Boeing has started working on a 737 MAX replacement

Scope of the “737 MAX Replacement”

  • Thread assumes this is a genuinely new single‑aisle airframe, not another 737 stretch, likely targeting the A321/A321XLR / former 757 “middle of the market” segment.
  • Many expect it to be fly‑by‑wire with heavy use of composites and next‑gen engines, following lessons (good and bad) from the 787.
  • Several note the 737 family is geometrically constrained (short gear, limited engine diameter); a clean sheet would allow taller gear and better-placed large high-bypass engines.

Engines, Performance, and Legacy Designs

  • Debate over whether a “757 MAX”–style revival is viable: older 757 airframes are heavy and its ~40k‑lb thrust engines no longer have a modern, economical counterpart.
  • Comparison of A321 and 757: A321 seen as underpowered “dog” vs. 757 “rocket ship,” driven by thrust-to-weight rather than magic aerodynamics.
  • Discussion of next-gen engine choices: geared turbofans vs. open‑rotor concepts; both Boeing and Airbus appear to be timing new airframes to when these are ready.
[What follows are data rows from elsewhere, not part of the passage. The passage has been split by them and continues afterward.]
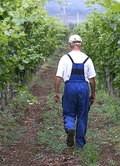 Idén hiánycikk lesz a magyar bor? Így látják a gazdák
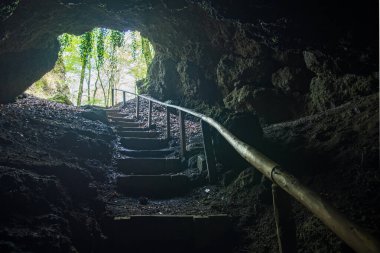 Mağaradan çıkıp güneşe çıkan merdivenler Birresborn, Almanya yakınlarındaki ormanı aydınlattı.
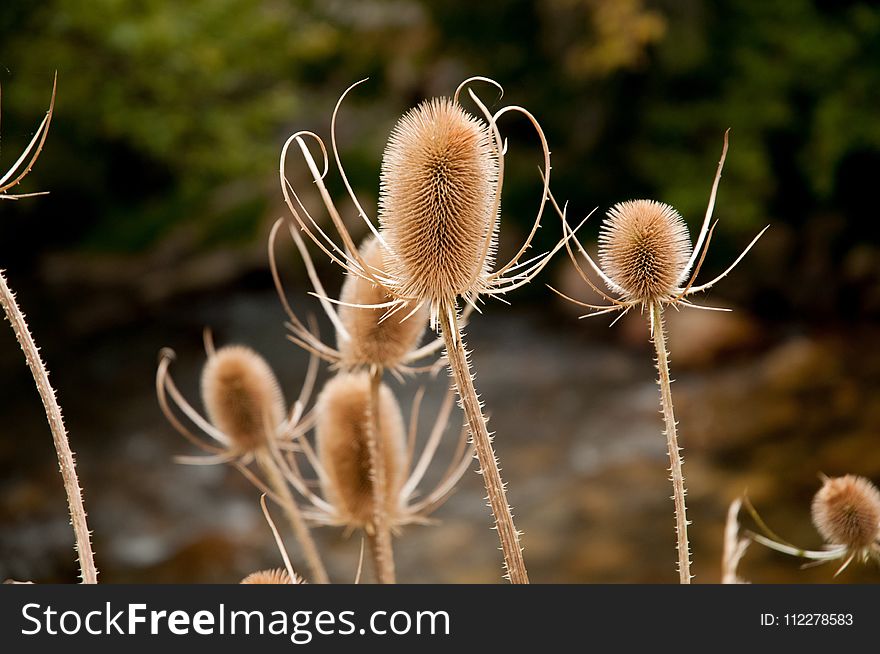 Flora, Close Up, Plant, Flower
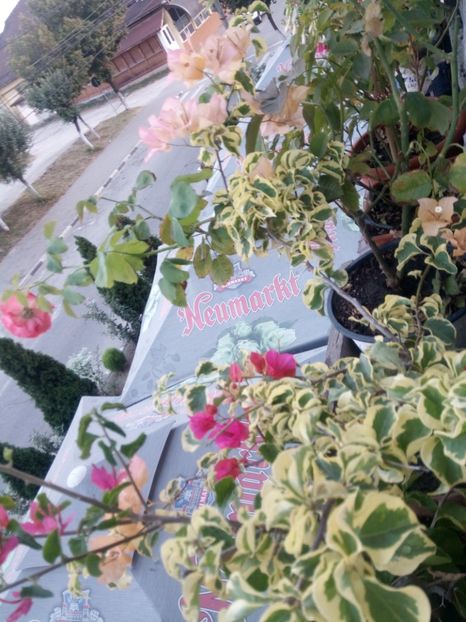  - Bougainvillea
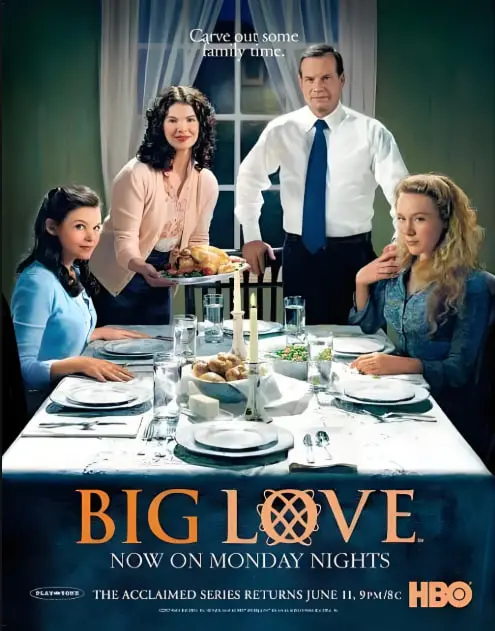 《大爱 第二季》：家庭的坚守与人性的光辉，催泪回归！深度解析与观后感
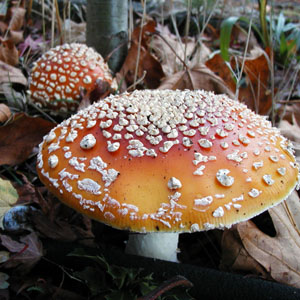 Two fly agaric mushrooms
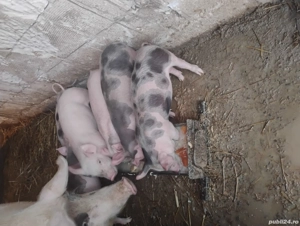 Purcei 6 săptămâni  - imagine 2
Avionics, CPUs, and Certification Inertia

  • Long subthread on why aircraft still use very old CPUs: certified hardware is well‑understood, extremely reliable, and re‑certifying new silicon is costly and slow.
  • Skeptics argue this “if it ain’t broke” attitude leads to eventual dead-ends: parts become unobtainable, toolchains obsolete, and expertise ages out.
  • Clarification that the MAX uses a specific certified flight control processor, not literally 80286 chips, but the broader concern about obsolescence remains.

MCAS, Design Philosophy, and Safety Culture

  • Many see MCAS as a business-driven hack to preserve 737 type commonality (avoid pilot retraining) rather than an aerodynamic necessity.
  • Some argue modern airliners already use MCAS‑like “envelope protection” safely; the problem was Boeing’s half‑baked, poorly documented, single‑sensor implementation.
  • Strong sentiment that the next design must avoid “software band‑aids” for airframe compromises and instead integrate stability, automation, and training from the start.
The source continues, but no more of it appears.